Well I wish you would have mentioned the metal. If you are cutting brass or Aluminum you can use scissors. Not the Ms's sewing scissors, but the utility ones in the drawer. 

John


----------



## placitassteam (Jan 2, 2008)

Band saws work great for metals but you have to have the right speed for the material you are cutting. Steeol has to be quite slow, slower than most home saws I have seen. I use my Delta for brass and and sometimes thin steel i.e. no more than .030 steel. The 5 inch drive pulley was replaced with a 12 inch one. I would like to go even slower, but that would take a variable speed motor.


----------



## Jack - Freshwater Models (Feb 17, 2008)

I routinely cut thin sheet brass on a small microlux table saw. Great for cutting strips. I use a .032" thick "jewlers slitting saw" blade from enco. Nice clean edge. 

Jack


----------



## Michael Glavin (Jan 2, 2009)

Jim, 

While utilizing a table saw or band saw is plausible if the proper precautions are in play each has its own inherent short comings and it’s NOT advisable in this circumstance IMO. If you have multiple cuts 36” in length precession is a likely prerequisite. Many have offered some very sage advice with regard to contacting a shop with a metal shear.
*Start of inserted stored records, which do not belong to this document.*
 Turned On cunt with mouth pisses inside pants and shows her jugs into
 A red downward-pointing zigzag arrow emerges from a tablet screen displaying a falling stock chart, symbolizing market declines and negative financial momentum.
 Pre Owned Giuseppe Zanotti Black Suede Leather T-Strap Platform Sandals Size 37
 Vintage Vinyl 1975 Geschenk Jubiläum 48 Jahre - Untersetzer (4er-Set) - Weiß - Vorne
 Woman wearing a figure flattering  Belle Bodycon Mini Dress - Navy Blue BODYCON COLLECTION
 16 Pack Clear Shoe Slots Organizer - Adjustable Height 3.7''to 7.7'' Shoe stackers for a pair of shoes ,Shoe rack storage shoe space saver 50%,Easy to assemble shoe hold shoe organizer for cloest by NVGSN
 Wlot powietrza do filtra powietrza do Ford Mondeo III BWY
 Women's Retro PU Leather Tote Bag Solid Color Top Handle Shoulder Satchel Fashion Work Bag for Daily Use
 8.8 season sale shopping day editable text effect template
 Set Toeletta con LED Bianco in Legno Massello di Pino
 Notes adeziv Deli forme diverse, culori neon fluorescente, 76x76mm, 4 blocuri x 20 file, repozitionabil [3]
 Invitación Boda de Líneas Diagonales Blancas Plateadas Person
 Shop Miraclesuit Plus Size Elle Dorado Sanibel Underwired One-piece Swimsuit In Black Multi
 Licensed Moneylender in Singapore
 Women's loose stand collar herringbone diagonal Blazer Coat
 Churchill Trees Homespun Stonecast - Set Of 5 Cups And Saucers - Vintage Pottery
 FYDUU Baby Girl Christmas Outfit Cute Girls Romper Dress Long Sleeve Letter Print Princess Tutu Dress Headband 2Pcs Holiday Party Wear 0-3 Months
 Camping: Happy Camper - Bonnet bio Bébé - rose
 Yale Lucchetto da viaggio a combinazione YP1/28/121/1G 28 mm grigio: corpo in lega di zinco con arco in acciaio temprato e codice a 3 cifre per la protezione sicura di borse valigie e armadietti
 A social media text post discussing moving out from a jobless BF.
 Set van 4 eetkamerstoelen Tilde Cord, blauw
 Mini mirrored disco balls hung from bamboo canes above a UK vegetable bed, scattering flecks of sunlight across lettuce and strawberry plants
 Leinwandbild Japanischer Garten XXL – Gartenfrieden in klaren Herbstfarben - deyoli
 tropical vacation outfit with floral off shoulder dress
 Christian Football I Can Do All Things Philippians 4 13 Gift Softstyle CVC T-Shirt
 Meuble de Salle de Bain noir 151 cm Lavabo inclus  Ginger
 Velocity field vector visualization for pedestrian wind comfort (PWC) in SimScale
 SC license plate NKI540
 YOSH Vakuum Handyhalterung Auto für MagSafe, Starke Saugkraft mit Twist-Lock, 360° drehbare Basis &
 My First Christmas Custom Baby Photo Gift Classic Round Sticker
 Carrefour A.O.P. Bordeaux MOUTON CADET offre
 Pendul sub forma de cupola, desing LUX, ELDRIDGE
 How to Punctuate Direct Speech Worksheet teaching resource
This would be cheap, fast and accurate! As others have noted your local HVAC Contractor, sheet metal fabrication shop or even a local metal supply shop can help in my experience. 

Regards, 
Michael


----------



## mike452 (Nov 7, 2020)

yes, you can use a table saw to cut thin metal.


----------



## Greg Elmassian (Jan 3, 2008)

you do realize you answered an 11 year old thread? To what end?


----------